TASK -> Output all of the data below without changing a word, and exclude the pictures.

SUPPLIED INFORMATION ->
-*-

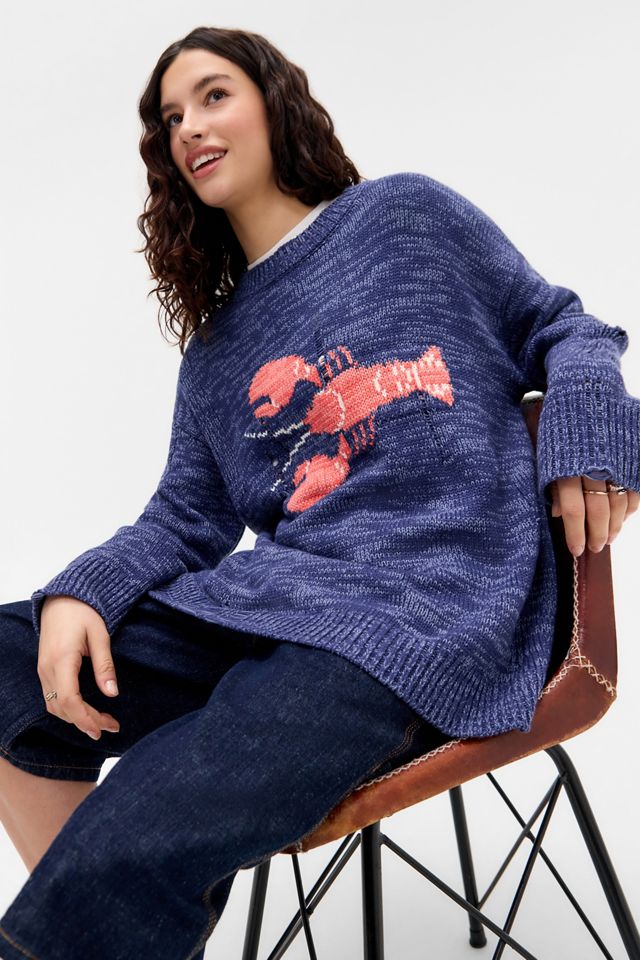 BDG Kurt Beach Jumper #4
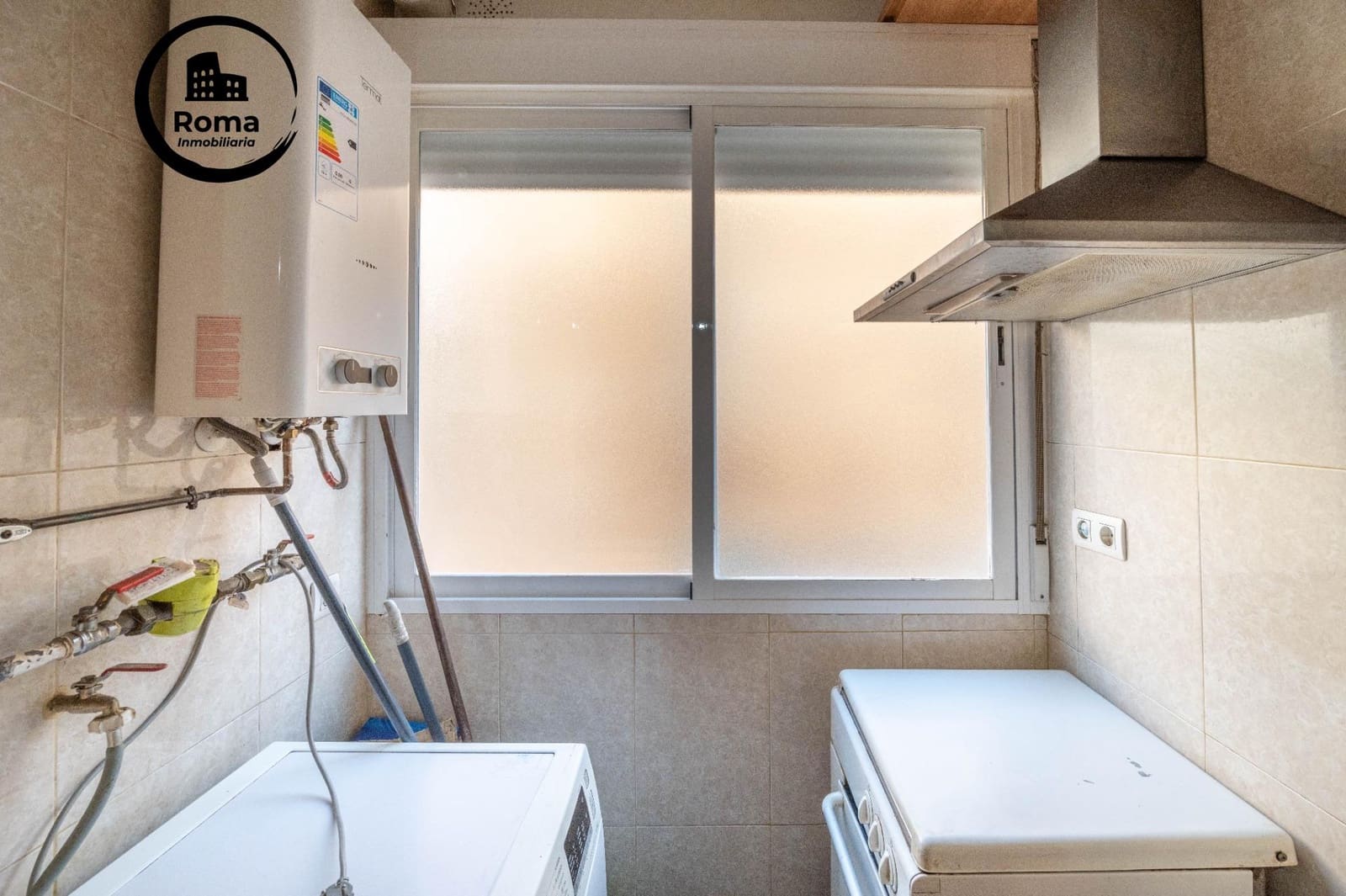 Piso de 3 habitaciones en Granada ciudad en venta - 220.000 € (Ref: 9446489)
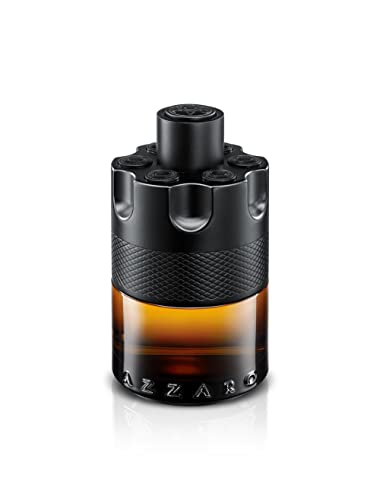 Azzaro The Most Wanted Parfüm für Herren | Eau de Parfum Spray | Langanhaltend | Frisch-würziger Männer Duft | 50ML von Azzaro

-*-

SOLVED PROBLEM ->
 BDG Kurt Beach Jumper #4
 Piso de 3 habitaciones en Granada ciudad en venta - 220.000 € (Ref: 9446489)
 Azzaro The Most Wanted Parfüm für Herren | Eau de Parfum Spray | Langanhaltend | Frisch-würziger Männer Duft | 50ML von Azzaro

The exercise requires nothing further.